** THE PROBLEM **
Because the pictures are not wanted, give back only the exact text of every entry below.

Image-text web data:
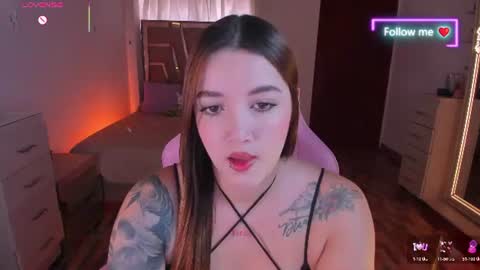 Snapshot of lunna_roosee chatting on 07.15.26 LUNA ROSE online show from 07.15.26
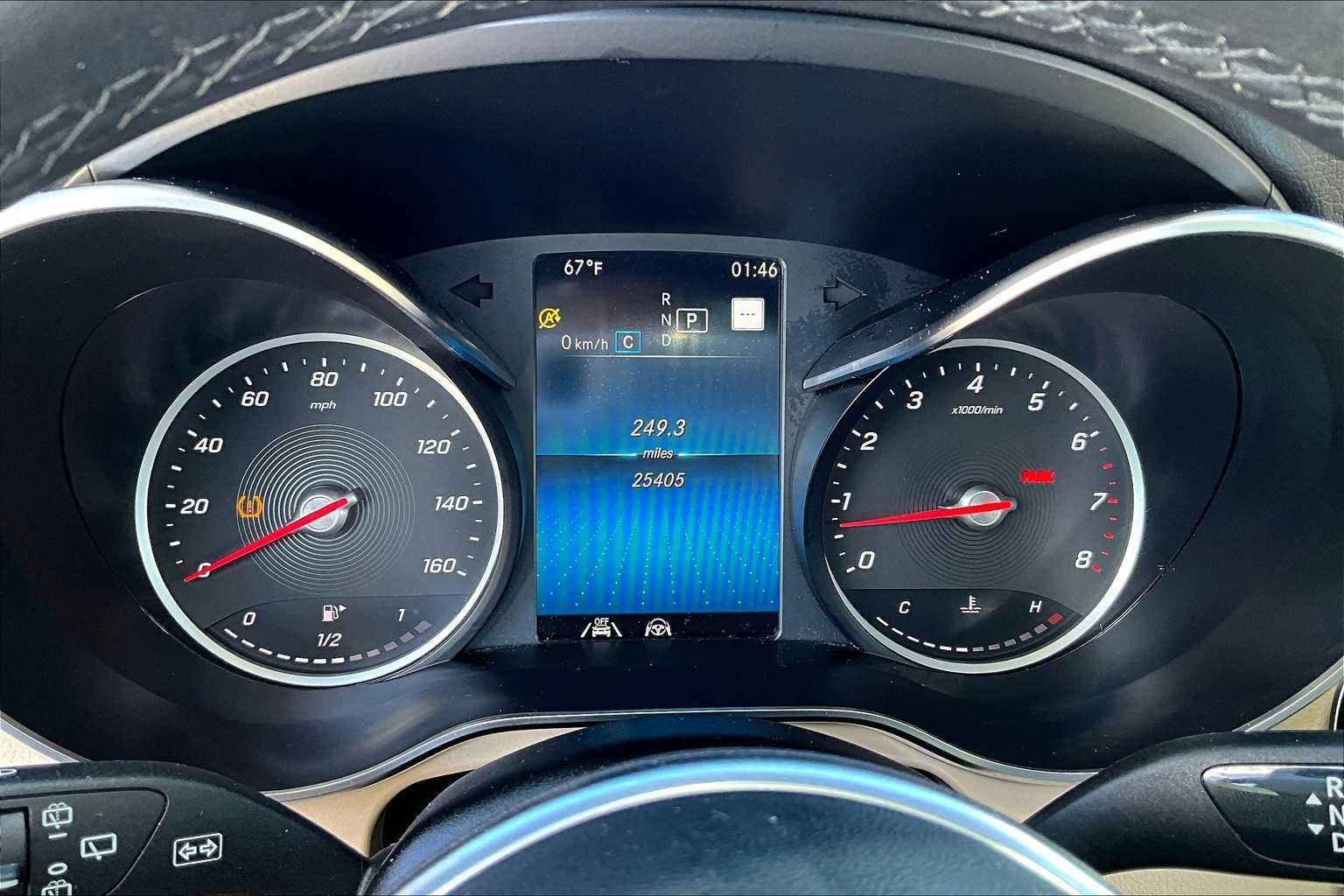 2021 Mercedes Benz GLC 300 photo 25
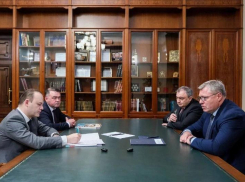 Астраханский губернатор и депутат Госдумы обсудили меры оздоровления Волги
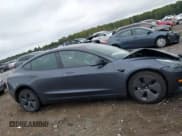 ✅ 2023 Tesla Model 3 • VIN: 5YJ3E1EA7PF699211 • Lot: 43387522. Wystawiony na IAAI z przebiegiem 16 048 mil. Bezpłatny archiwum sprzedaży aukcyjnych z USA i szczegółowy raport historii pojazdu na DreamBid. Zdjęcie 13.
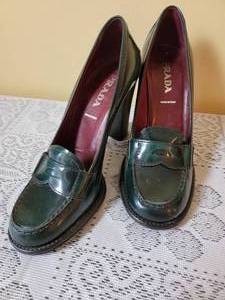lot 128 image: Prada Deep Forest Green Leather Shoes, size 36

** TASK OUTPUT **
 Snapshot of lunna_roosee chatting on 07.15.26 LUNA ROSE online show from 07.15.26
 2021 Mercedes Benz GLC 300 photo 25
 Астраханский губернатор и депутат Госдумы обсудили меры оздоровления Волги
 ✅ 2023 Tesla Model 3 • VIN: 5YJ3E1EA7PF699211 • Lot: 43387522. Wystawiony na IAAI z przebiegiem 16 048 mil. Bezpłatny archiwum sprzedaży aukcyjnych z USA i szczegółowy raport historii pojazdu na DreamBid. Zdjęcie 13.
lot 128 image: Prada Deep Forest Green Leather Shoes, size 36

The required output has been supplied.